A Residents' Support Group is an independent self-led and self-determining group of families and friends of residents. It's motivation and purpose is to promote and improve the quality of life for those who live in a nursing home.

A support group usually meets monthly at the nursing home; is run by relatives and friends or residents. It may also have access to a staff member at the nursing home, who assists the group but importantly, is not a member.

The name of the group may vary, but the intentions are similar. Resident's Support Groups may also be known as any of the following:

  • Family Council;
  • Residents and Relatives Group;
  • Family and Friends Group;
  • or Family Support Group.

Care recipients' rights - residential care

The Aged Care Act 1997 states that all facilities must have a Charter of Care Recipients' Rights and Responsibilities - Residential Care, which detail the rights and responsibilities of all residents including personal, civil, legal and consumer rights. The Charter also outlines care recipients' responsibilities in relation to other residents and staff.

Benefits of a Residents' Support Group

For relatives and friends:

  • Offers ongoing support with strength drawn from shared experiences.
  • Provides an opportunity to express concerns and explore solutions as a group.
  • Builds communication with staff and creates a team environment.
  • Educates and informs members about long-term care topics, e.g. Residents’ Rights, the survey process, and problem resolution.
  • Give families a voice in decisions that affect them and their family members.

For residents:

  • Advances the quality of care for the benefit of all residents through teamwork.
  • Advocates on behalf of all residents.
  • Supports residents who do not have locally involved families or friends.
  • Provides a connection to a community outside the nursing home.
  • Plans group sponsored activities and events for residents.
  • Give residents a voice in decisions that affect them.

For the nursing home:

  • Builds two-way communication between the staff and group members.
  • Provides the staff with an advisory committee for new ideas on quality of life issues for residents.
  • Offers an opportunity to know families, friends, and residents.
  • Promotes staff appreciation and team interaction.

Starting a Resident's Support Group in a nursing home can be an excellent way to voice concerns in an open forum. The larger the group, the greater the potential that the nursing home will pay attention to any concerns that are raised. Remember, these are all potential witnesses that can help to corroborate concerns or events.

It is also much easier to voice concerns when it isn't only you or your loved one up against the entire system. The nursing home may select a liaison staff member to respond to the group's concerns.

Purposes vary greatly from group to group, depending upon the interests and needs of group members. A general set of purposes should be agreed upon when a group is new and revised as the goals and interests of members change.
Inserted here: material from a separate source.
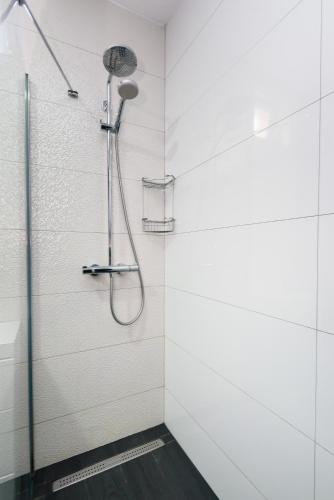 Bilik mandi di Apartment Tina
To maximise the effect of the resident support group, you should ensure that the group is able to conduct meetings with other residents/family members, and not have management overtake or organise the group on your behalf. This defeats the purpose of meeting, and many residents family members may feel they are not able to speak as freely as possible.

Independence of Resident Support Groups are essential.

Strength in numbers: Get organised!

Relatives of nursing home residents have discovered strength in numbers. They have begun to organise more "family meetings" at their nursing homes to advocate for better care.

Other family members who have formed groups, give each other moral support, act as added sets of eyes and ears around the nursing home, and bring grievances to the facility's attention.

By presenting a united front, family members have persuaded nursing homes to respond more quickly to residents' call buttons, improve the meals and even hire more staff. Family members are enjoying renewed attention nationwide because many of their newer leaders are baby boomers, whose generation is known for its ability to speak out.

Though some facility manager's may resist the Resident Support Group's at first, a supportive nursing home and environment will welcome the groups because they encourage family participation and accountability from the facility and staff.

Many families hesitate to bring up problems because they're afraid the nursing home staff will retaliate against their relatives. Others complain but find their grievances fall on deaf ears. Advocates suggest that a Resident Support Group can add weight to a complaint.

How to organise a Resident's Support Group

  • Determine the need. As few as two or three families can organise a group.
  • Contact interested family and friends to set a time for an initial meeting.
  • Meeting announcements can be posted on bulletin boards, or emailed to family members.
    Ask visitors of residents if they will join you in planning a Resident's Support Group.
  • Approach the manager or designated staff person about sending an organisational meeting letter to family and friends. (Nursing homes must provide private meeting space for residents and their family members.)
  • Request to have an insert included in the monthly billing statement about starting a family and friends group.
  • Keep a copy of the minutes from the meetings and what concerns you discuss.


#1 Sundack Gladys 2020-08-28 02:52
Hi, the nursing home where my mom is at has no support groups, I am interested in leading one, have called the appropriate person but after talking to her, she still has not gotten back to me. I sense some reluctance. I would love your guidance.